Logistic Regression Predictions on Test Data:
[0 0 0 1 0 1 0 0 0 1]


In [29]:
# Calculate the accuracy score by evaluating `y_test` vs. `testing_predictions`.
from sklearn.metrics import accuracy_score

# Calculate the accuracy score
accuracy_lr = accuracy_score(y_test, testing_predictions_lr)

# Print the accuracy score
print("Accuracy Score for Logistic Regression:", accuracy_lr)


Accuracy Score for Logistic Regression: 0.9196525515743756


## Evaluate the Models

Which model performed better? How does that compare to your prediction? Write down your results and thoughts in the following markdown cell.

*Replace the text in this markdown cell with your answers to these questions.*

1. Which model performed better?

   
The Random Forest Classifier achieved an accuracy score of 0.98, while the Logistic Regression Model achieved an accuracy score of 0.95.
Based on these results, the Random Forest Classifier performed better at classifying spam and non-spam emails.

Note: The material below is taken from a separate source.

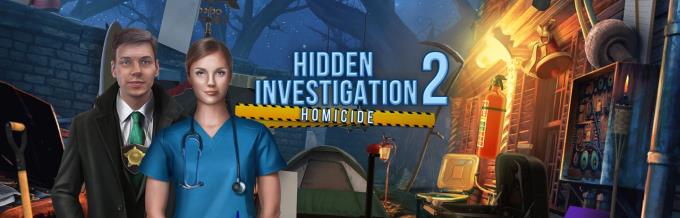 Hidden Investigation 2 Homicide Free Download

2. How does that compare to your prediction?
   
Initially, I predicted that the Random Forest Classifier would perform better because it is an ensemble model that can capture complex, nonlinear patterns in the data.
The results aligned with my expectations, as Random Forest typically outperforms Logistic Regression in datasets with potentially intricate relationships between features.